Both relay the same basic facts
NO, THEY DO NOT.
rex has a mange is factual statement, that can be investigated and either confirmed or rejected.
same goes for rex’s leash was inadequate and tom’s hold of the dog was weak.
there is a lot more facts in the second example, compared to first one.
it’s likely that by MBFC’s standards, both would be rated the same for that reason alone
no, they would not and it is pretty easy to find out - mediabiasfactcheck.com/methodology/
your powers of “paying attention, weighing, analyzing, reviewing and questioning” are not as strong as you think.
be careful not to hurt yourself when you are falling down from this mountain.

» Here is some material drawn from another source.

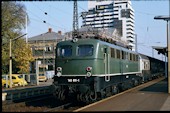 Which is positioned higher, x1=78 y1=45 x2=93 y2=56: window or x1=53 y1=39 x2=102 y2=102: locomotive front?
x1=78 y1=45 x2=93 y2=56: window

just2look@lemm.ee 3 months ago
MBFC doesn’t only count how factual something is. They very much look at inflammatory language like that, and grade a media outlet accordingly. It’s just not in the factual portion, it is in the bias portion. Which makes sense since, like you said, both stories can be factually accurate.
Rottcodd@lemmy.world 3 months ago
I haven’t seen any evidence that it does that, and quite the contrary, evidence that it does not - examples from publications ranging from Israel Times to New York Times to Slate in which it accompanied an article with clearly loaded language with an assessment of high credibility.
It’s possible that it’s improved of late - I don’t know, since I blocked it weeks ago, after a particularly egregious example of that accompanied a technically factually accurate but brazenly biased Israel Times article.
just2look@lemm.ee 3 months ago
The bot wasn’t assessing the individual articles. It was just pulling the rating from their website. If you look at the full reports on the website they have a section that discusses bias, and gives examples of things like loaded language found in the articles they assessed.
Rottcodd@lemmy.world 3 months ago
Right, nor did I expect a rating based an on individual article - sorry if that’s the way I made it sound.
It’s simply that the rating of high credibility accompanying an article that was so obviously little more than a barrage of loaded language cast the problem into such sharp relief that I went from being unimpressed by MBFC to actively not wanting to see it.